首脳会合後に共同で発表された「米国・太平洋パートナーシップ宣言外部サイトへ、新しいウィンドウで開きます」では、米国と島しょ国間のパートナーシップ強化、島しょ国の地域主義の強化、気候変動対策の協力、島しょ国の経済成長と持続可能な開発を前進させる協力の強化など、11項目の関係強化に取り組むとうたっている。米国側の関与強化策をまとめた「太平洋パートナーシップ戦略(ファクトシート外部サイトへ、新しいウィンドウで開きます)」では、それらを後押しするために、島しょ国における米国の公館を現在の6拠点から9拠点に増やすことや、米国際開発庁(USAID)の代表部をフィジーに再設置すること、日本と米国、オーストラリア、インドによるクアッド(QUAD)やASEANなどの地域枠組みとの連携強化、「ブルーパシフィックにおけるパートナー(PBP)」(2022年9月26日記事参照)を通じた支援強化などが盛り込まれている。

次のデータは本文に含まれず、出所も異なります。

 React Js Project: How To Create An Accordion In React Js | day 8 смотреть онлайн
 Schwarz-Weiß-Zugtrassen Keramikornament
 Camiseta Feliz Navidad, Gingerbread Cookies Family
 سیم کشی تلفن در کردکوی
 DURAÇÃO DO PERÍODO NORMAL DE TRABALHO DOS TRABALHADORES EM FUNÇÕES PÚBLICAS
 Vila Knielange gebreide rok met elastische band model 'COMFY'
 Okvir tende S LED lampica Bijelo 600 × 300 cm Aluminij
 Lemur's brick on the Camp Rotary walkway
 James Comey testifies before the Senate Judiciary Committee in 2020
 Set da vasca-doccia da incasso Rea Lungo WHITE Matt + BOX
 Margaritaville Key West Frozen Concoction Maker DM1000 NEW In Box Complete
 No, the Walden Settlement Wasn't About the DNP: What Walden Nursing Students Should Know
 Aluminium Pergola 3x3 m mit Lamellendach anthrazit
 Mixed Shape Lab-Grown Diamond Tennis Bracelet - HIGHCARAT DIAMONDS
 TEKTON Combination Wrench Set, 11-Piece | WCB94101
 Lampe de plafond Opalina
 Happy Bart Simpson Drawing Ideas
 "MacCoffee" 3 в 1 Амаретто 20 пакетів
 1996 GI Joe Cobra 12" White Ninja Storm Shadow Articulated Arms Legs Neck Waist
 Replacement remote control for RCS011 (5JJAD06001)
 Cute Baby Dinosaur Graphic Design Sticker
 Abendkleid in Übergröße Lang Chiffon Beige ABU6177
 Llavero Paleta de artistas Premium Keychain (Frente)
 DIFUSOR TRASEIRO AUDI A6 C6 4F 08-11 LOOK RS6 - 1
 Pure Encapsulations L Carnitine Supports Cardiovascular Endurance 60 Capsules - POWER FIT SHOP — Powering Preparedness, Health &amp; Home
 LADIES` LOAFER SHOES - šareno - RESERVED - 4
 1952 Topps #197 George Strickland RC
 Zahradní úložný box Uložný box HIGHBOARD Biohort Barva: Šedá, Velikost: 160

政権はさらに「21世紀の米国・太平洋島しょ国パートナーシップのためのロードマップ外部サイトへ、新しいウィンドウで開きます」と称するファクトシートで具体的な施策を列挙している。例えば、米国がこの度、クック諸島とニウエを主権国家として承認したことで拡大する外交的関与や気候変動危機への対応、貿易・投資対話枠組みの創設などのために、8億1,000万ドル以上を今後拠出するとしている。貿易・投資対話枠組みについては、米国通商代表部(USTR)のサラ・ビアンキ次席代表が島しょ国の首脳らと会談を行い、2022年末までに創設する考えを表明している。USTRは両国・地域間の貿易促進に向けて、現在は失効中だが一般特恵関税制度(GSP)が復活した場合に、適格な島しょ国に地域単位でGSPを認める可能性も検討しているとしている。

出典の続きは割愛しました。